<<<<
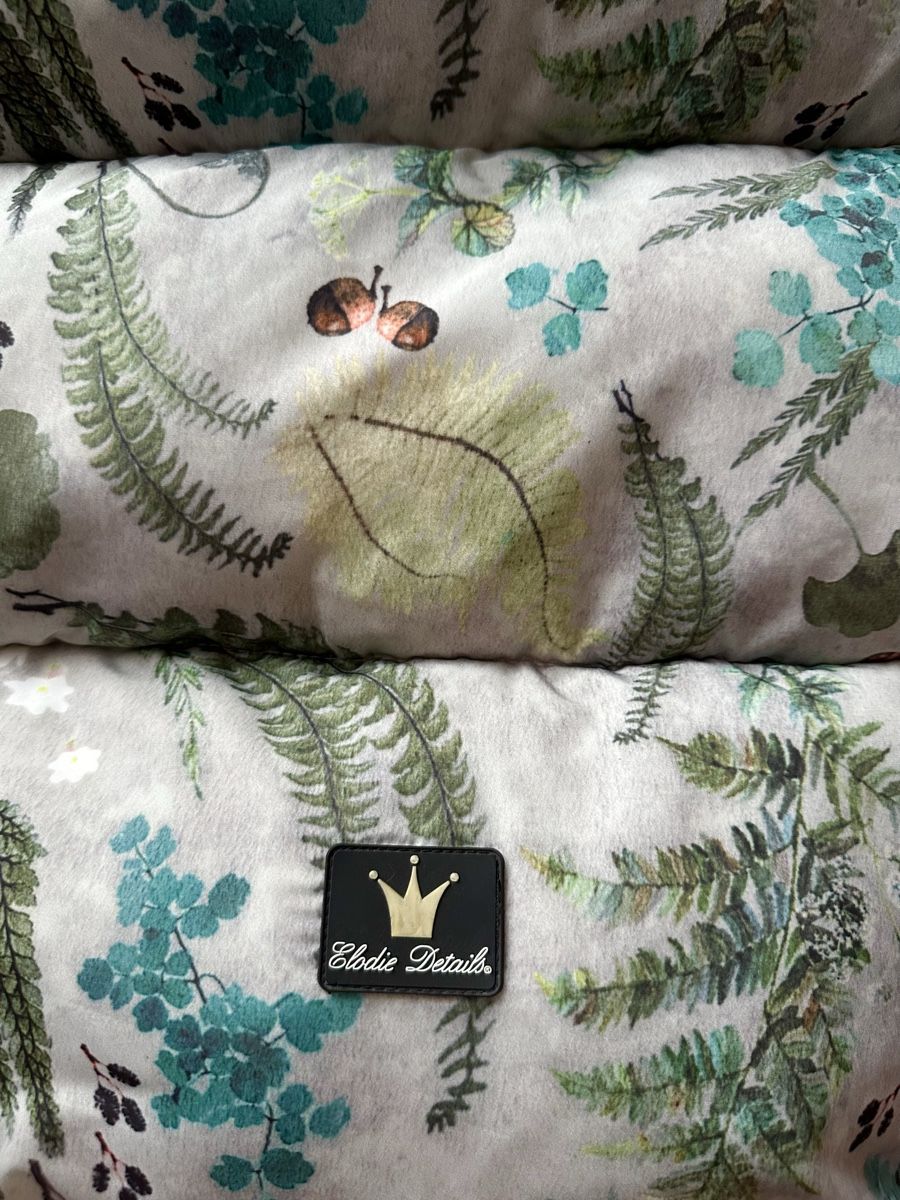 Elodie Sacchi a pelo: Fusssack ELODIE DETAILS Forest Flora – Usato da Obfelden venduto da dafae 1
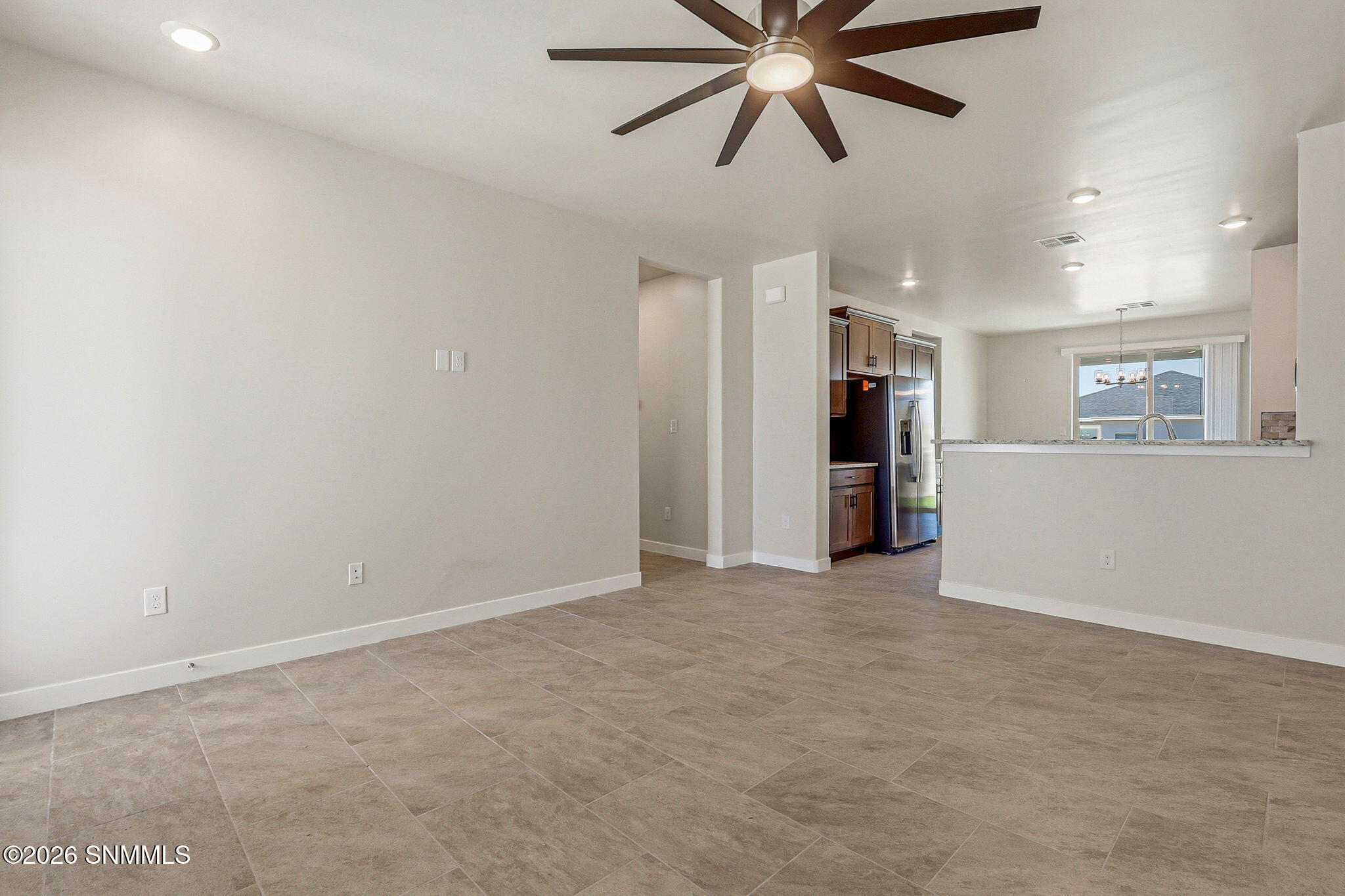 2037 Meteor Street Property Photo 10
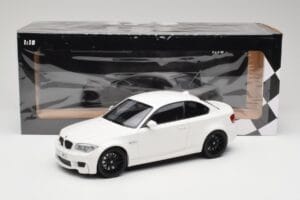 BMW 1M Coupe E82 Blanc Minichamps 1:18 110020022 Métal — image 8 sur 8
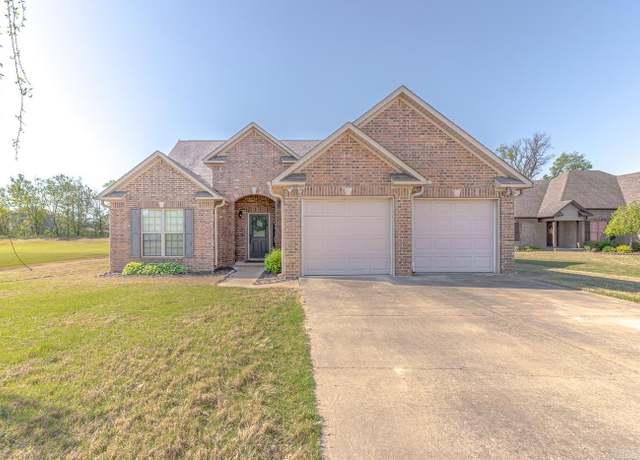 Property at 201 Hollis St, Bono, AR 72416, 4 beds, 3 baths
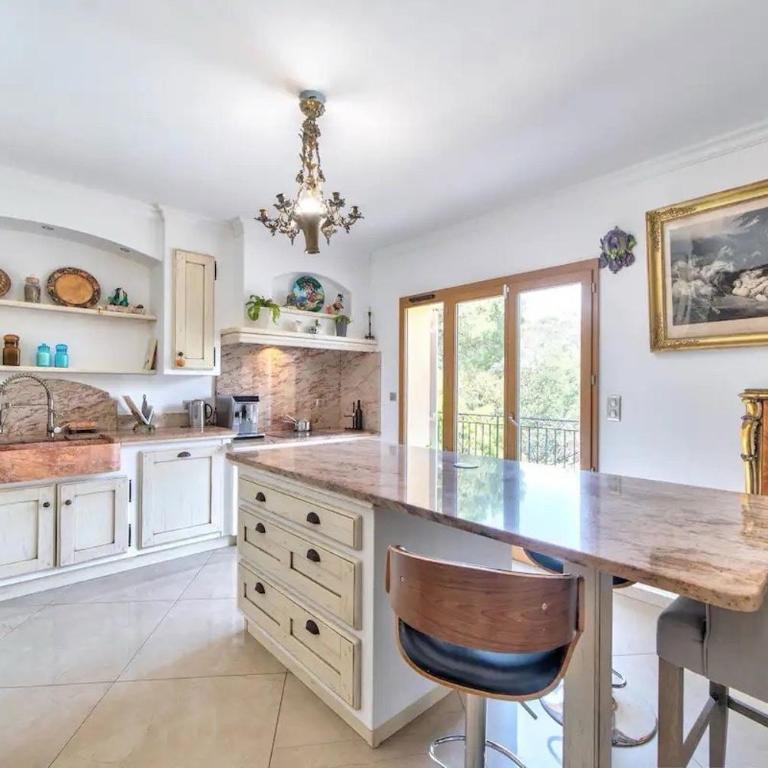 Villa de Prestige avec Piscine et Grand jardin - Villa - 28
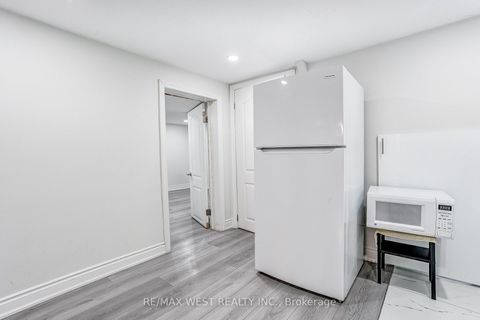 Photo 35 at 19 Archway Crescent, Humbermede, Toronto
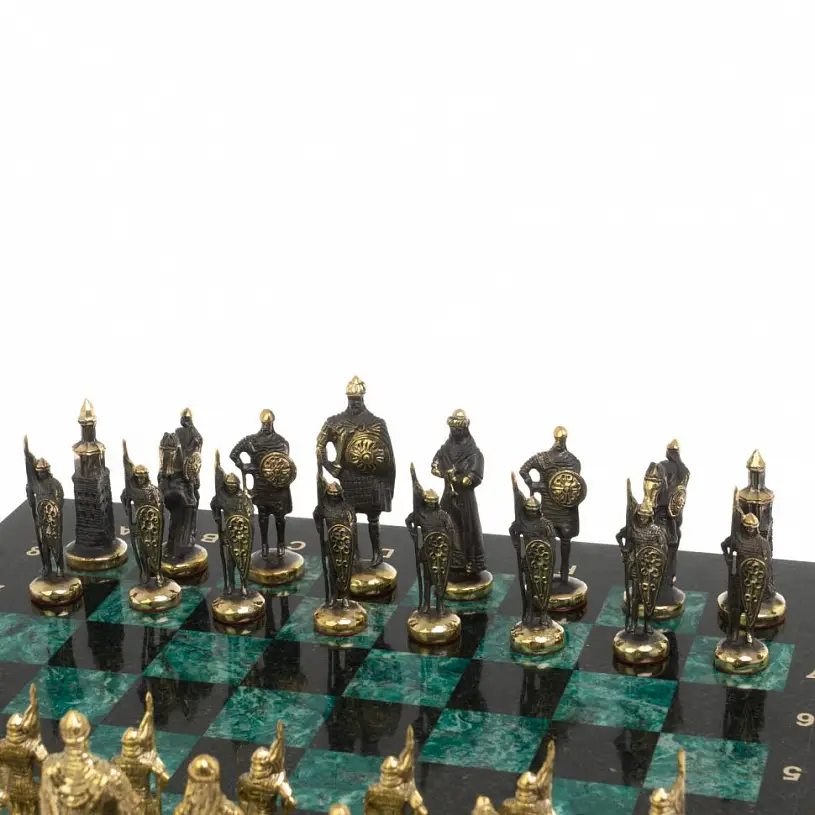 Шахматы ручной работы из змеевика "Русские"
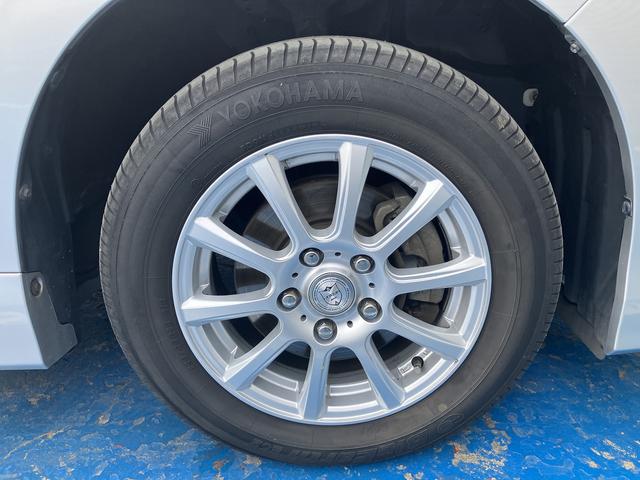 ヴォクシー Ｘ　スロープタイプＩ車いす２脚仕様　４ＷＤ　車いす用スロープ　車いす用固定装置２基　片側パワースライドドア　純正ＳＤナビ　ワンセグＴＶ　バックカメラ　ドライブレコーダー　ＥＴＣ　ＧＰＳレーダー　社外ＡＷ（39枚目）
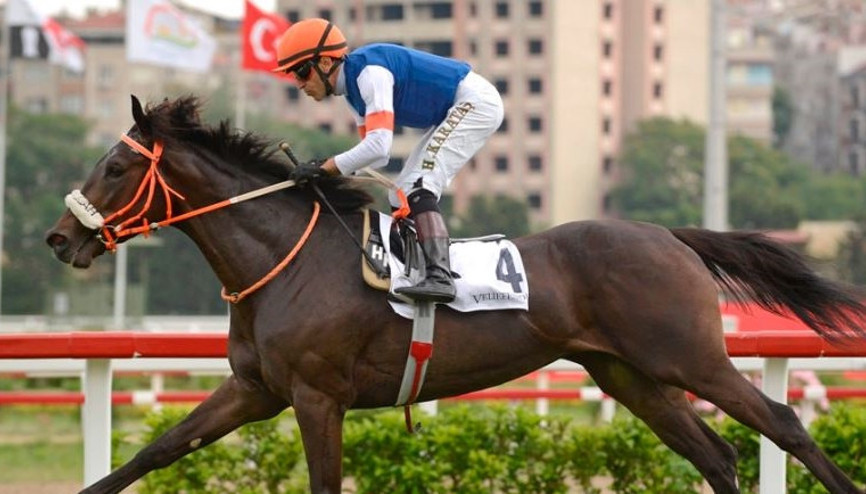 Halis Karataş, Dubai’de mahsur kaldı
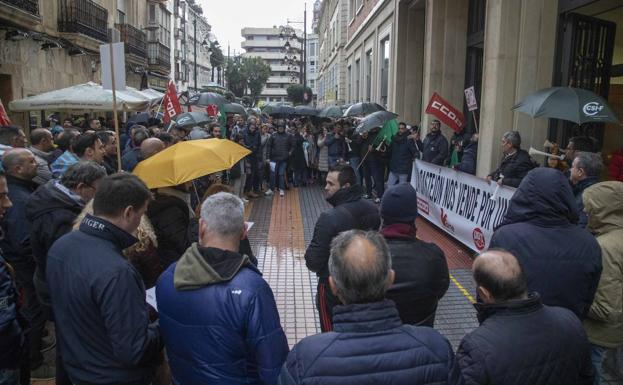 La Junta de Personal del Ayuntamiento de Cartagena acepta la rebaja del gasto en horas extra a la mitad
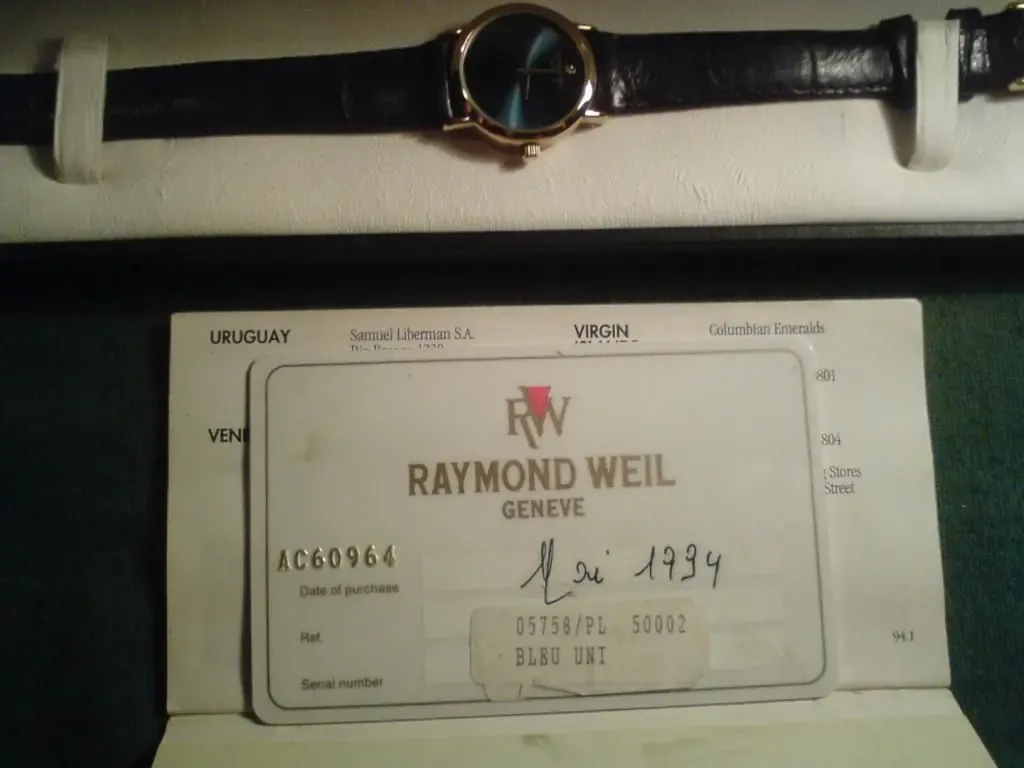 продам часы женские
>>>>
• YOUR ASSIGNMENT
Begin with the line that contains "2037 Meteor Street Property Photo 10" and repeat every line through the end of the data, exactly and only those lines, leaving out the pictures.

• TASK RESPONSE
 2037 Meteor Street Property Photo 10
 BMW 1M Coupe E82 Blanc Minichamps 1:18 110020022 Métal — image 8 sur 8
 Property at 201 Hollis St, Bono, AR 72416, 4 beds, 3 baths
 Villa de Prestige avec Piscine et Grand jardin - Villa - 28
 Photo 35 at 19 Archway Crescent, Humbermede, Toronto
 Шахматы ручной работы из змеевика "Русские"
 ヴォクシー Ｘ　スロープタイプＩ車いす２脚仕様　４ＷＤ　車いす用スロープ　車いす用固定装置２基　片側パワースライドドア　純正ＳＤナビ　ワンセグＴＶ　バックカメラ　ドライブレコーダー　ＥＴＣ　ＧＰＳレーダー　社外ＡＷ（39枚目）
 Halis Karataş, Dubai’de mahsur kaldı
 La Junta de Personal del Ayuntamiento de Cartagena acepta la rebaja del gasto en horas extra a la mitad
 продам часы женские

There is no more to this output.